Of course, if you are using Blackboard on your campus, you need to make the best of it. And there is an art to making the best of everything! The Math adjuncts at my school asked me and my IT colleague Charles Bender to come speak to them about how to use Blackboard to increase and improve communications with their students. They know that there are all kinds of difficulties with trying to do math equations in Blackboard - but they were willing to put that aside in order to see how Blackboard could help them do a better job teaching in general. (WebCT does do a much better job of supporting math equations, but we will have only limited WebCT availability starting next year: budget constraints.)
Making Blackboard Required
Now since I am pretty much an anarchist kind of teacher, why would I want to start off by talking about requirements? Well, it is important for both the teacher and the student to make some kind of commitment to using Blackboard: what can the students rely on from the teacher? And what can the teacher rely on from the students? This is something that needs to be made clear to everybody - and that teachers need to make clear to themselves before they even begin using Blackboard. As we learned from talking with the Math Adjuncts today, there is a vague sense that somehow they “should” be using Blackboard, but the exact size and shape of that “should” is not clear. This uncertainty causes anxiety for the instructors - understandably! Vague requirements, wisps of “should”, do not really do anybody any good! The same is true for students: if the instructor only gives them a vague sense that they “should” be using Blackboard, then a lot of confusion will result.
As an instructor you need to decide for yourself how much time you have to spend working with Blackboard, and commit to spending that time over the course of the semester. You also need to let your students know how much time they should spend working with Blackboard, and you should recognize that effort as part of their grade for the course.
Luckily, there are a variety of ways that you can “see” students working with Blackboard and get a good measure of their efforts so that you can recognize and reward that effort. There are obviously the Blackboard statistics, which let you see how often students log on to the course (a blunt instrument, but it does exist).
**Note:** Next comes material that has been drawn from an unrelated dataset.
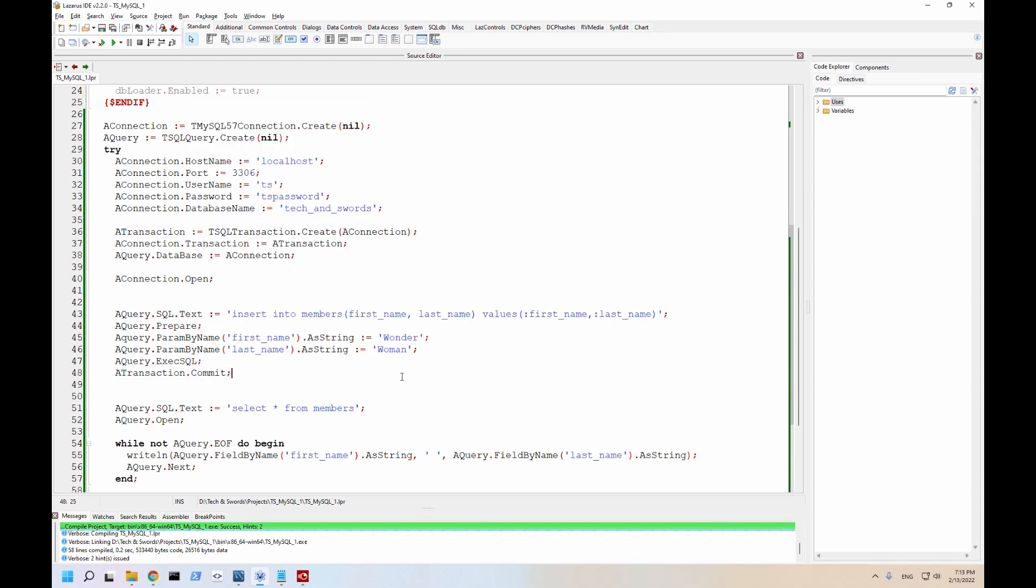We also need to tell the transaction that we are committing this. So why are we committing this? Well, in the case of you performing several SQL statements in a row and they depend on each other. Let's say you're performing three. And the third one fails. And if the third one fails, you don't want any of them to have any effect on your database. You can roll back. You can ignore those changes because they haven't actually happened yet.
You can also sort a Discussion Board forum by author and date to do a quick count for grading (lots of instructors seem not to know about using the sorting options down at the bottom of the forum). Surveys are a great tool for getting student feedback, and you can also quickly check to see which students complete any given survey. I showed the instructors today that you really can make ungraded quiz questions with a zero point value - while including a question on the quiz that awards points just for taking the quiz (for example, a short answer/essay where you collect student feedback about how the class is going).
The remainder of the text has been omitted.